Waterfall on Azores, Portugal

The Cascata do Poço do Bacalhau (lit. 'Cod Pool Waterfall' in Portuguese) is a natural waterfall on the island of Flores, a constituent part of the Azores, Portugal. It is located within the boundaries of the civil parish of Fajã Grande, which is part of the municipality of Lajes das Flores. It falls from a height of about 90 m into a pool below. It is a popular stop for tourists hiking in the surrounding area.

== Etymology ==
Cascata do Poço do Bacalhau means "Cod Pool Waterfall" in the Portuguese language. There are numerous local stories and theories about the origin of the name, but the most popular one is that the name is a reference to a cod-shaped rock that the waterfall hits in the pool below.

== Geography ==
The Cascata do Poço do Bacalhau is located in the civil parish of Fajã Grande, in the municipality of Lajes das Flores, on Flores Island, a constituent part of the Portuguese archipelago of the Azores.

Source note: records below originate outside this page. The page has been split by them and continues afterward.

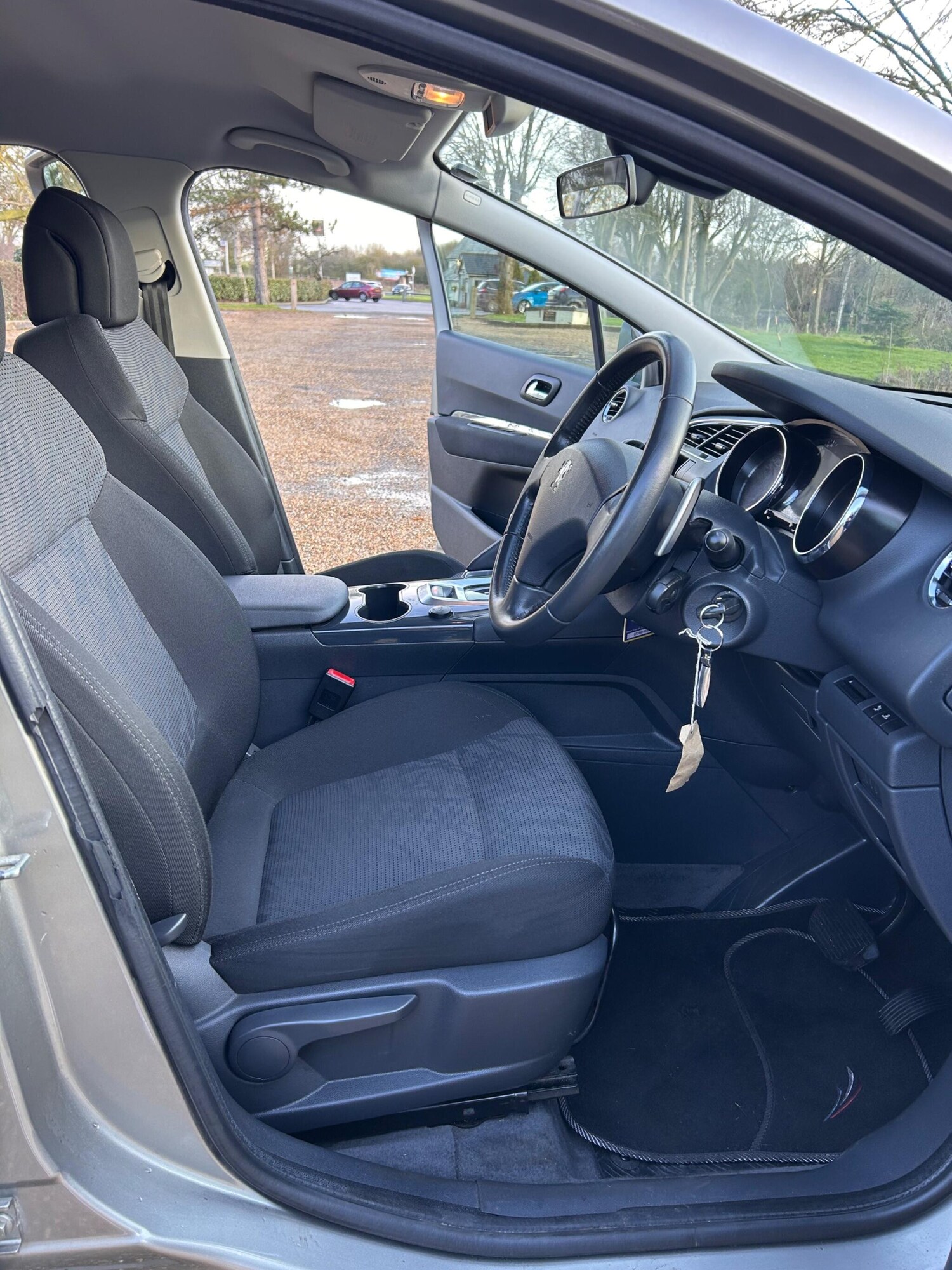 Used Peugeot 3008 2011 for sale - 77358556: Photo 33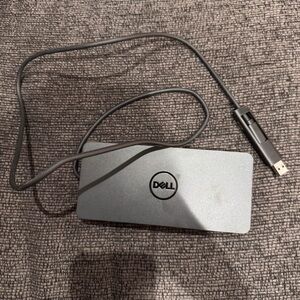 Dell D6000 Universal Docking Station – DisplayLink – Great Condition!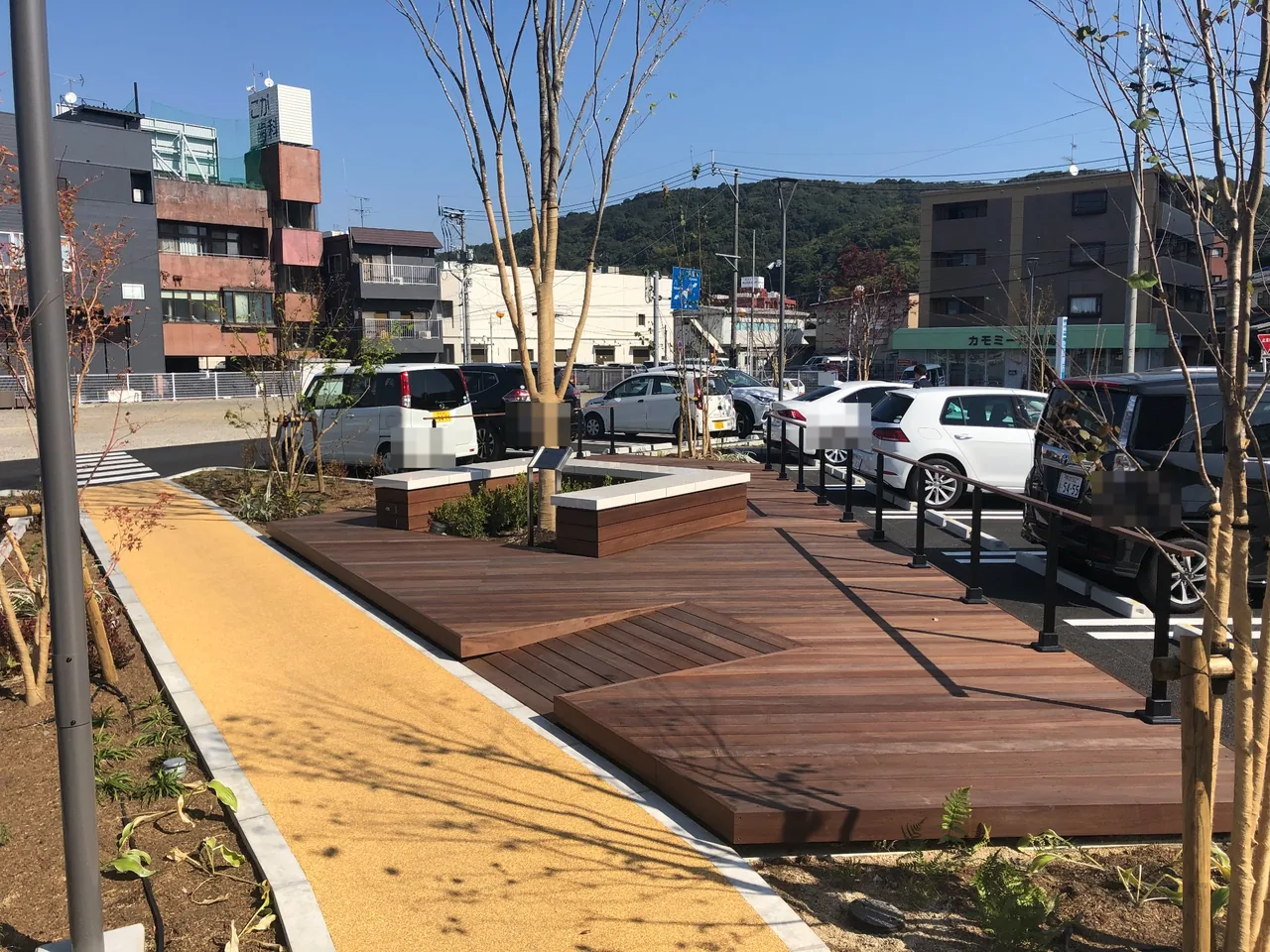 園路とつながる駐車場横のウリンデッキ施工事例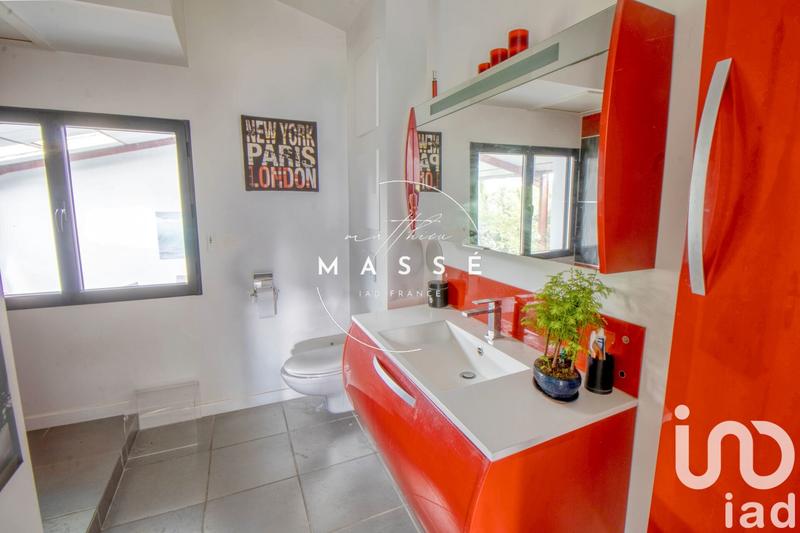 Maison de maîtres - 180 m² - 6 pièces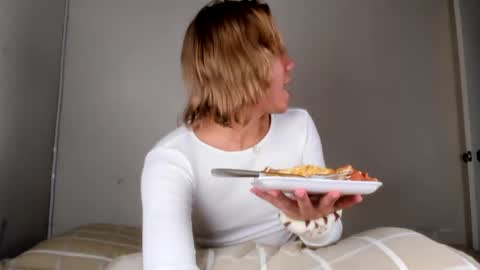 Snapshot of parisstone2 chatting on 01.10.25 connie online show from 01.10.25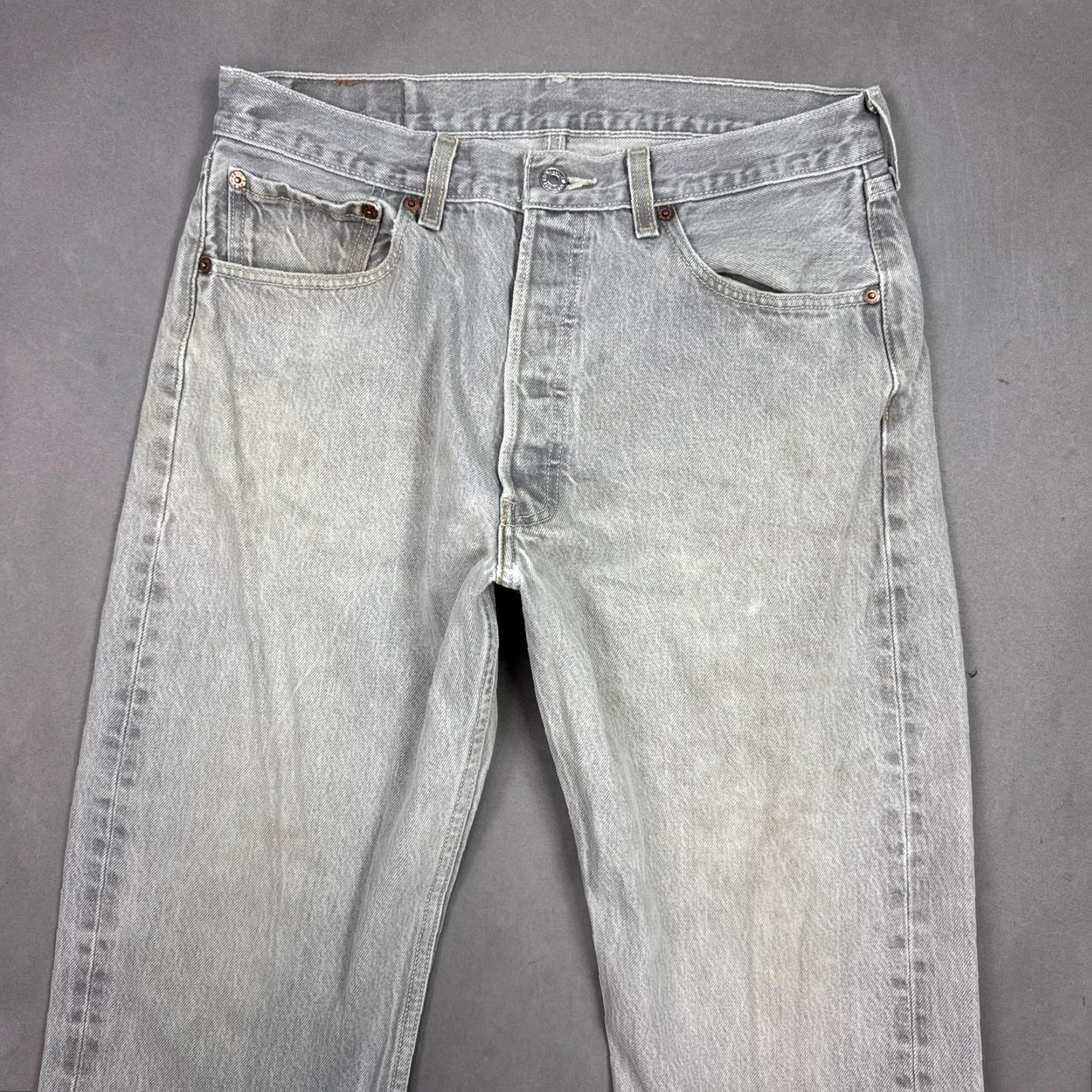 Levi's Levi's 501 Jeans Mens Gray Button Fly Distressed Thrashed 32x29 Straight Denim Pants Size US 34 / EU 50 - 4 Thumbnail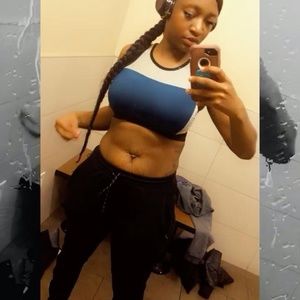 Meet your Posher, Aunya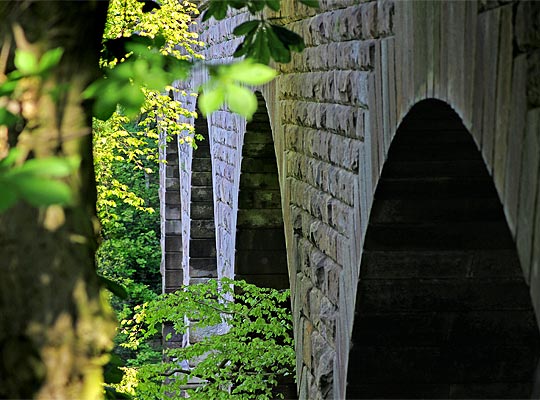 Looking along the arch tops on the viaduct's west side.
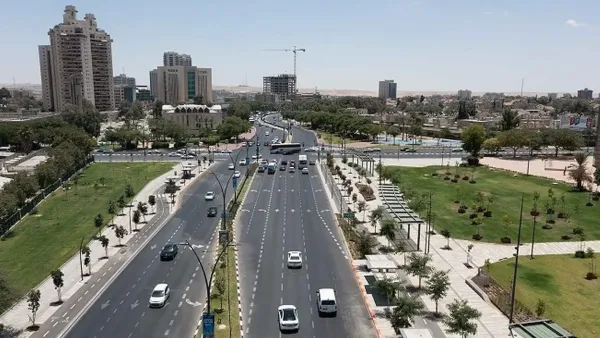 ציר רגר, עבודות בציר רגר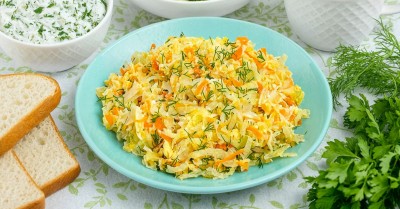 Тушеная капуста с яйцом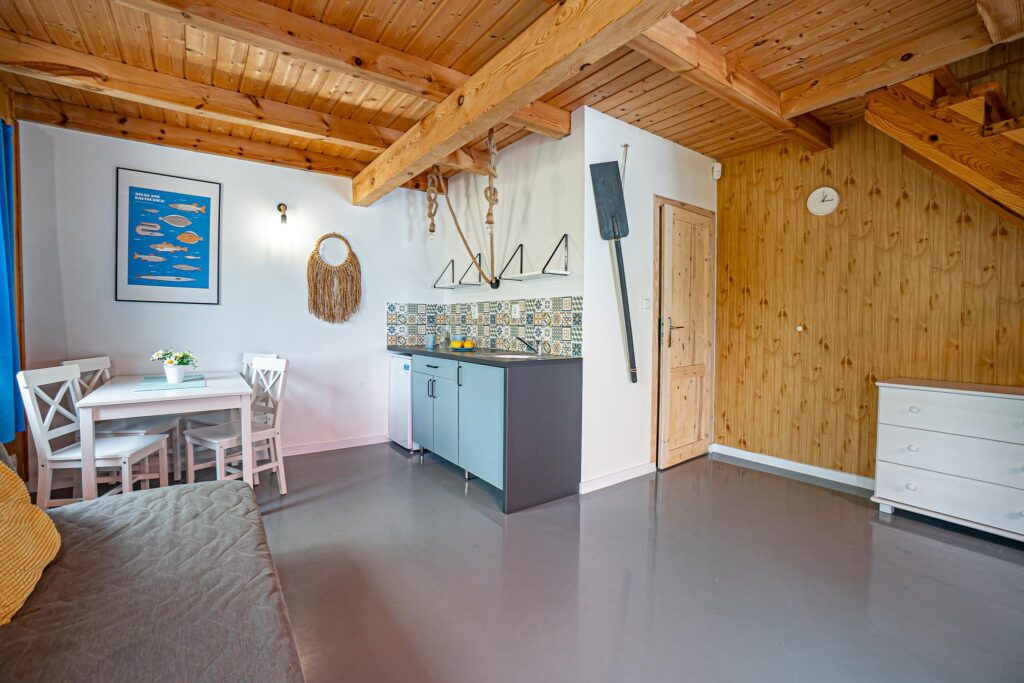 Domki dla turystów nad morzem nieopodal lasu - zdjęcie 7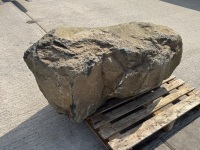 APPROX. 1500mm x 600mm x 600mm LARGE DECORATIVE STONE - 4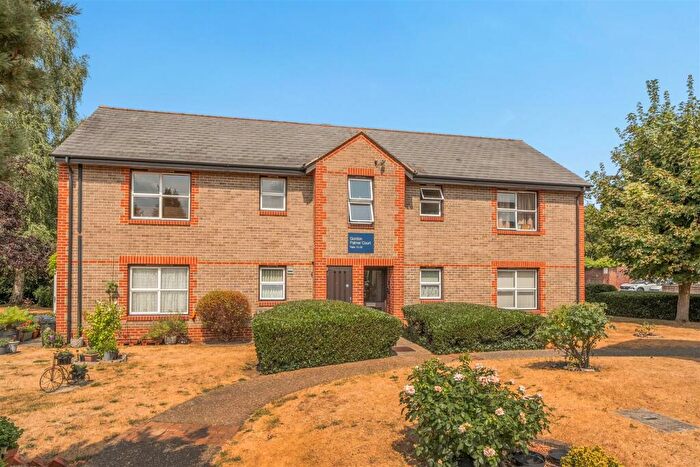 1 Bedroom Retirement Property For Sale In Gordon Palmer Court, Reading, Berkshire, RG30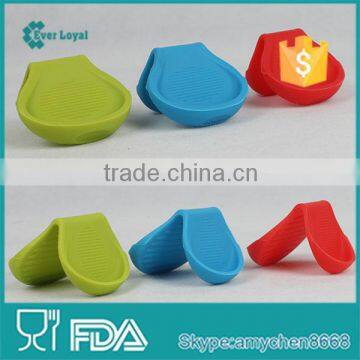 Hot Lips Plate Grab /Zeal Heat Resistant Silicone Plate Grab Hot Lips, Listing Is For One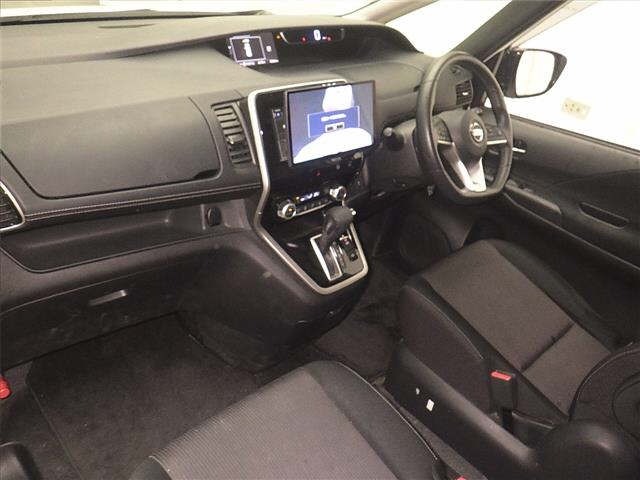 Nissan SERENA 2017 7233272-4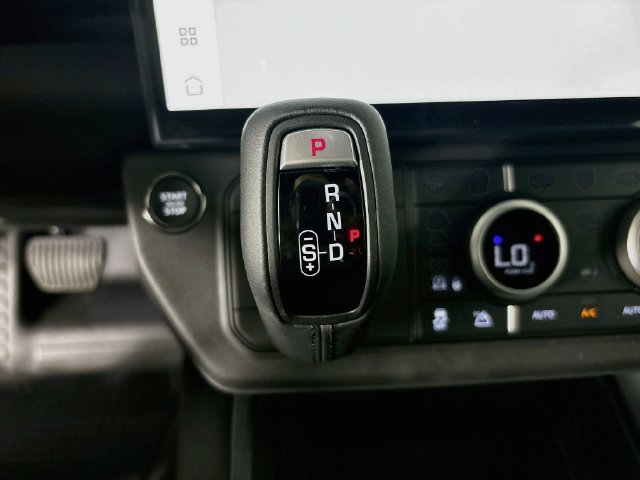 New 2026 Black Land Rover X-Dynamic SE image 17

It is on the trail between the main town of Fajã Grande and the Ponta da Fajã hiking area. The waterfall is 90 m high and descends to a small pool below, the Poço do Bacalhau (Cod Pool). The water in the natural pool is clear and suitable for swimming, making it a frequent destination for visitors to the island, particularly those who have finished the trek along the Trilho dos Lagos (Trail of the Lakes). The pool is surrounded by endemic vegetation, notably the Azores or Macaronesian laurel (Laurus azorica).